La mujer le tomó una mano y la puso contra su mejilla unos momentos, tan llena de lástima y remordimiento por llegar tarde, que olvidó que se había prometido a sí misma no volver a tocarlo.

– Tim, no sería capaz de hacerte eso. Es que me perdí. Confundí San Marcos con otra iglesia y me perdí; eso es todo. Sigue sentado y ponte a gusto porque acabo de decidir que iremos a Gosford.

– ¡Oh, qué bueno! Pensé que tendríamos que quedarnos en Artarmon porque ya es tarde.

– No, ¿por qué no habríamos de ir? Y tendremos mucho tiempo para nadar cuando lleguemos allá, a menos que el agua esté muy fría; eso sí, aunque esté helando, prepararemos la cena en la playa. -Le echó una mirada con el rabo del ojo, saboreando el contraste entre su sonriente felicidad de esos momentos y la soledad desesperante de unos cuantos minutos antes-. ¿Cómo estuvo el casamiento? -preguntó.

– Muy hermoso -contestó Tim en tono serio-. Dawnie parecía una princesa de un cuento de hadas y mamá parecía una hada madrina. Llevaba un vestido azul, muy bonito, y Dawnie un vestido blanco con una cola, lleno de adornos, y un gran ramo de flores en la mano y un velo blanco en la cabeza, como una nube.

– Eso suena maravilloso. ¿Estuvieron todos contentos?

– Creo que sí -repuso él en tono de duda-, pero mamá lloró y papá también lloró, pero dijo que era el viento que se le había metido en los ojos; luego se enojó mucho conmigo cuando yo dije que no había ningún viento en la iglesia. Mamá dijo que ella lloraba porque estaba muy feliz a causa de Dawnie. Yo no sabía que la gente llorara cuando está feliz, Mary; yo no lloro cuando estoy feliz, sólo lloro cuando estoy triste. ¿Por qué tiene uno que llorar si está feliz?

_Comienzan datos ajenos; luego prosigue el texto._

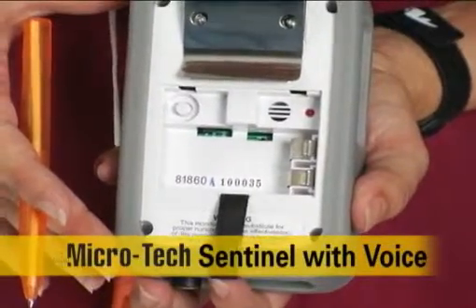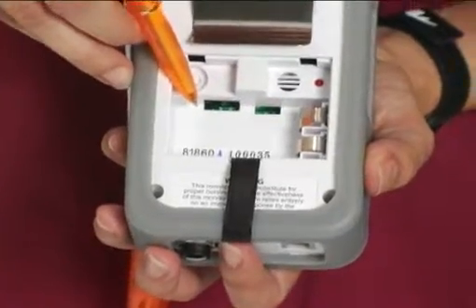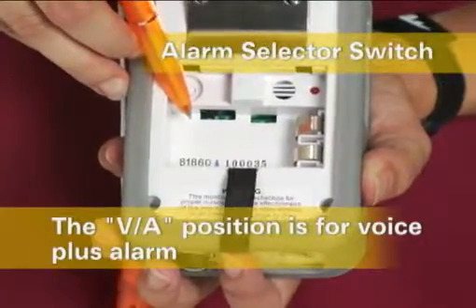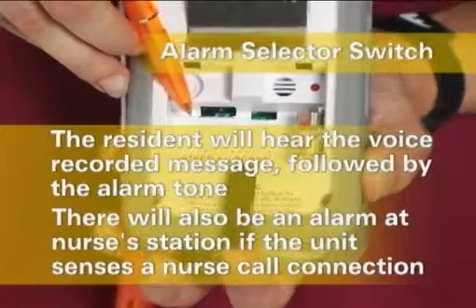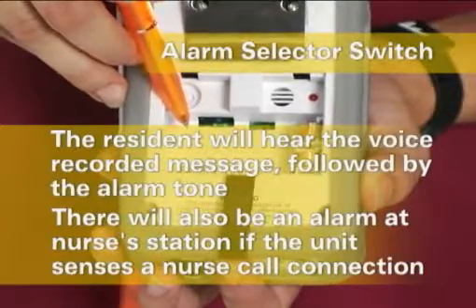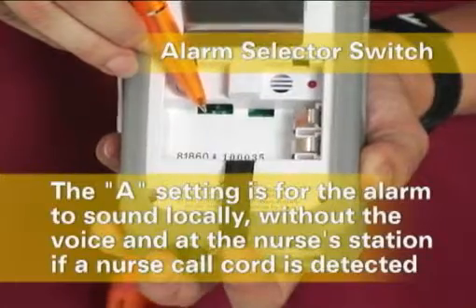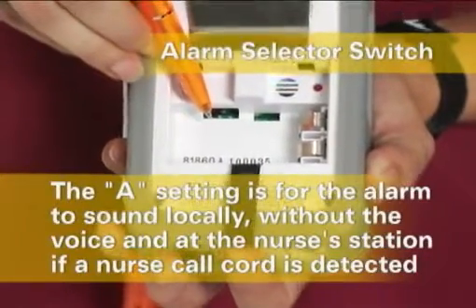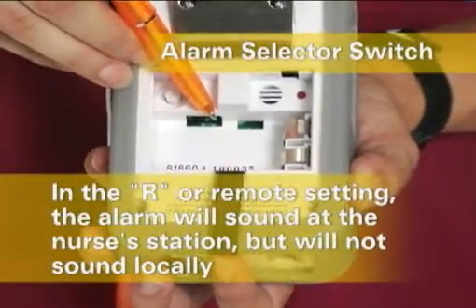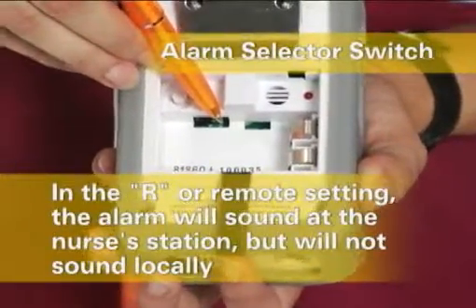On the Microtech Sentinel with Voice, there are additional features. The alarm selector switch has three functions. The left VA position is for voice plus alarm — when an alarm is triggered, the resident will hear the voice recorded message followed by the alarm tone. There will also be an alarm at the nurse's station if the unit senses a nurse call connection. The A setting is for the alarm to sound locally without the voice and at the nurse's station if a nurse call cord is detected. In the R or remote setting, the alarm will sound at the nurse's station if the Sentinel is connected to the nurse call system, but will not sound locally.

Mary sonrió, sintiéndose de pronto tan feliz ella misma que casi quería llorar.

– No lo sé, Tim, excepto que a veces sucede así. Pero cuando tú estás tan feliz que lloras, lo sientes diferente, es algo muy lindo.

– ¡Ah!, entonces, ojalá me sintiera yo tan feliz que tuviera que llorar. ¿Por qué no soy tan feliz que tenga yo que llorar, Mary?

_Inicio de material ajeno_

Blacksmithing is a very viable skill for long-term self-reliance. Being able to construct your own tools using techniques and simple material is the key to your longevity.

– Bien; para eso tienes que estar viejo, me imagino. Uno de estos días puede sucederte a ti también, cuando ya estés lo bastante viejo y canoso.

Perfectamente satisfecho ahora que ya le habían contestado todas las preguntas, Tim se reclinó en el asiento y se puso a mirar el paisaje, algo de lo que parecía no cansarse jamás. Tenía la insaciable curiosidad de los muy jóvenes y la capacidad de poder hacer lo mismo una y otra vez sin aburrirse. Cada vez que iban a Gosford, actuaba como si fuera la primera vez, tan asombrado ante el paisaje y el desfile de vida ante sus ojos como encantado de ver la casa de campo al final del sendero y ansioso por descubrir qué había crecido un poco más durante su ausencia, qué florecido o qué se había marchitado.

Esa noche, cuando Tim se fue a la cama, Mary hizo algo que nunca antes había hecho; entró en su cuarto, lo arropó con las mantas y luego le dio un beso en la frente.